Il y a des auteurs qui appartiennent au patrimoine du manga, c'est le cas de
Kazuo Umezu et parmi ses oeuvres l'une d'elles a marqué plus d'un lecteur à travers les générations : l'Ecole emportée, l'un des premiers survival japonais avec une touche de SF.
Sortie en 1972 dans son pays d'origine, il aura fallu attendre 2004 pour que Glénat nous le propose. L'éditeur avait alors une politique de sortir certains titres cultes comme celui-ci et Lamu dans une édition modeste à la japonaise, ce qu'on appelle le format "bunko", un petit format concentré. C'est dans cette édition que j'ai acquis l'oeuvre avant d'apprendre qu'elle aurait droit en 2021 à une édition plus confortable pour la lecture. Dommage pour moi. Pour les amateurs, n'hésitez pas à vous dirigez plutôt vers cette nouvelle édition qui vous permettra de mieux apprécier l'oeuvre.

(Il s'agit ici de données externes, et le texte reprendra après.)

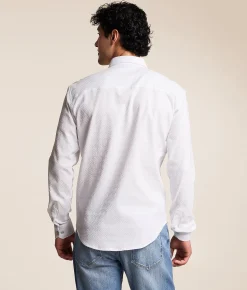 Eight X Textured Stretch Shirt White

Cette oeuvre en 6 tomes doubles chez nous mais 11 à l'origine, est vraiment fondatrice. Elle a inspirée de nombreux auteurs depuis comme le célébrissime Minetaro et son Dragon Head, et dès qu'on plonge dans ses pages cela nous rappelle tout un tas d'autres lectures. Cependant,
Umezu a vraiment sa patte à lui qui en fait une oeuvre unique.
Avec une narration très resserrée, il nous embarque dans une folle aventure qui avance à 100 à l'heure où toute une école primaire disparaît du jour au lendemain de l'emplacement où elle était, ce qui est un grand mystère pour ceux qui restent, et en encore plus grand mystère pour ceux qui ont disparu avec l'école. C'est ceux-ci que nous allons suivre dans ce premier tome, les enfants aussi bien que les adultes de l'école, et l'auteur ne va rien nous épargner.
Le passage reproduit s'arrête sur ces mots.